To make matters worse for markets, there is the added complication of whether the FOMC will tighten via ‘price alone’ (i.e. just by raising interest rates) or whether through both price and an acceleration in its Quantitative Tightening. At present, the Fed seems to have become remarkably tight-lipped on the subject of whether QT will be accelerated or abandoned but we would argue that if the Fed does embark on further QT, then the squeeze on wholesale USD liquidity that began in 2018Q2 (something that has already been felt for the foreign banks in the USA that we referred to earlier – see the chart above) will intensify and the likely result of this will be a dearth of credit available to companies (and the EM) at any price.
Certainly, any expansion of QT would represent a very real threat to the sustainability of the corporate sector’s zaitech activities. It would be difficult to imagine a situation that was further removed from Greenspan’s market-friendly slow and steady soft tightening strategies…. To make matters worse, we find that somewhat against our expectations, the US Treasury has been reversing last year’s injections of funds into the financial system by rebuilding its own holdings of deposits. We, and we suspect others that follow this data, had been expecting the administration to inject funds ahead of the mid-term elections but it seems to have done the reverse, and thereby created not just a potential shortage of liquidity in the system but also some ‘consternation’. Adding to the increased confusion in markets are events in China. Although China’s own economic data may be giving mixed signals, it is clear that many things that are within China’s ‘gravitational sphere’ is beginning to feel quite recession-like – or even stagflation-like. This was clearly not what markets or most policymakers were anticipating even a few months ago.
Elsewhere, we find that although the Bank of Japan had been signalling to its visitors that it would seek to wind down its own QE, and allow yields to move higher this quarter, it now seems that global events seem to have resulted in these plans being delayed, while in Europe the ECB seems to be flip-flopping on the subject of a further tightening depending on the audience it is facing at that particular moment.

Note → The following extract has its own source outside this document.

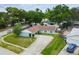 Attractive single-story home featuring a well-maintained lawn, mature trees, and a cozy, inviting facade at 509 Stone Dr, Brandon, FL 33510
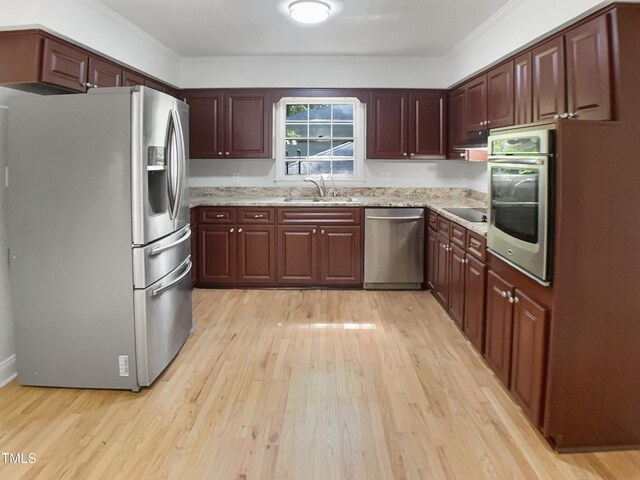 4601 Pemberton Dr, Raleigh, NC 27609 - kitchen featuring stainless steel appliances, light wood-style floors, and light stone countertops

In our view, the ECB needs to raise rates and / or begin QT for the benefit of the economy (i.e. rates are currently too low for the private sector) but the ECB and Europe’s governments simply cannot afford to tighten. Given this ‘morass’ that the ECB has created, it is no wonder that markets have become less certain of what the central bank is likely to do. Finally, we note that in the UK the banking system has been both selling bonds that it previously owned and issuing long term bonds of its own, actions that other things being equal will have resulted in a tightening in effective liquidity conditions within the system.
At present, some of these concepts are still quite nebulous but increasingly it does seem that the number of unknown unknows, or unknowable factors facing markets are beginning to increase. By design or otherwise, central banks are becoming less predictable and as a result borrowing costs – and potentially even the supply of credit are becoming much less certain than they have been since perhaps the 1980s. As a result, the outlook for zaitech, for the ability of the perennially cash flow negative EM and others to fund themselves is becoming much less certain and it is for this reason that we suspect that the recent ‘discomfort’ in financial markets will indeed continue over the medium term, although in the short term we must wonder whether the Administration will offer one last liquidity injection before year end that provides some short term relief to markets.